Толстой дал рассказу название «Смертная казнь». Еще до выхода его из печати в газете «Русское слово» (1908. № 119) была помещена корреспонденция «В Ясной Поляне», где, в частности, говорится: «За вечерним чаем возник и захватил всех разговор о молодом писателе Леониде Семенове и его новой повести, присланной Льву Николаевичу в корректуре. Л. Н. с большим мастерством прочитал одну главу из повести… Заговорив после чтения с отеческою нежностью о молодом писателе, Л. Н. подчеркнул это особенное свойство истинного художника держать читателя в напряженной иллюзии, ни на мгновение не отталкивая его фальшивыми нотами… Один из гостей заговорил о влиянии толстовского „Божеского и человеческого“, которое чувствуется в рассказе Л. Семенова. Л. Н. горячо и серьезно запротестовал: „Нет, нет! Минуя всякую скромность, скажу, что нельзя и сравнивать мою повесть с прекрасным рассказом Семенова“. И далее Толстой стал доказывать эту свою мысль, разбирая и смакуя, „как тонкий гастроном“, подробности рассказа Л. Семенова».

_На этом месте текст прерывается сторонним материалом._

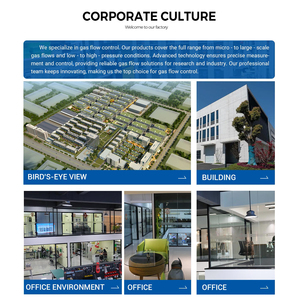 Manufacturer Direct Sale Cheap <strong>Digital</strong> <strong>Flow</strong> <strong>Meter</strong> for Food Industry Stable Gas <strong>Flow</strong> <strong>Meter</strong> for Manufacturing - Product Image 4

Толстой настоятельно рекомендовал редактору «Вестника Европы» М. М. Стасюлевичу опубликовать «Смертную казнь». В публикации рассказу было предпослано следующее предисловие:
"Редакция журнала получила рукопись через посредство Льва Николаевича Толстого, при следующем его письме, которое может послужить лучшим предисловием к настоящему рассказу:
«Посылаю вам отрывок рассказа Леонида Семенова. По-моему, это вещь замечательная и по чувству, и по силе художественного изображения. Хорошо бы было ее напечатать и напечатать поскорее. Это желание мое напечатать поскорее напоминает мне мой давнишний разговор с Островским. Я когда-то написал пьесу „Зараженное семейство“, прочел ее ему и говорил, что я желаю, чтобы она поскорее была напечатана. Он сказал мне: „Что же, или ты боишься, что поумнеют?“ Слова эти были совершенно уместны по отношению к той моей плохой комедии, но теперь это другое дело. Теперь нельзя не желать того, чтобы люди поумнели и прекратили эти ужасы, хотя и нельзя надеяться, и всякое искренне слово, выражающее возмущение против совершающегося, я думаю, полезно».
Ясная Поляна.
23 июня 1908 г."
История опубликования «Смертной казни» подробно рассмотрена в статье: Сапогов В. А. Лев Толстой и Леонид Семенов (об одном корреспонденте Л. Н. Толстого) // Учен. зап. Ярославского гос. пед. ин-та и Костромского гос. пед. ин-та. Кострома, 1970. С. 123—127.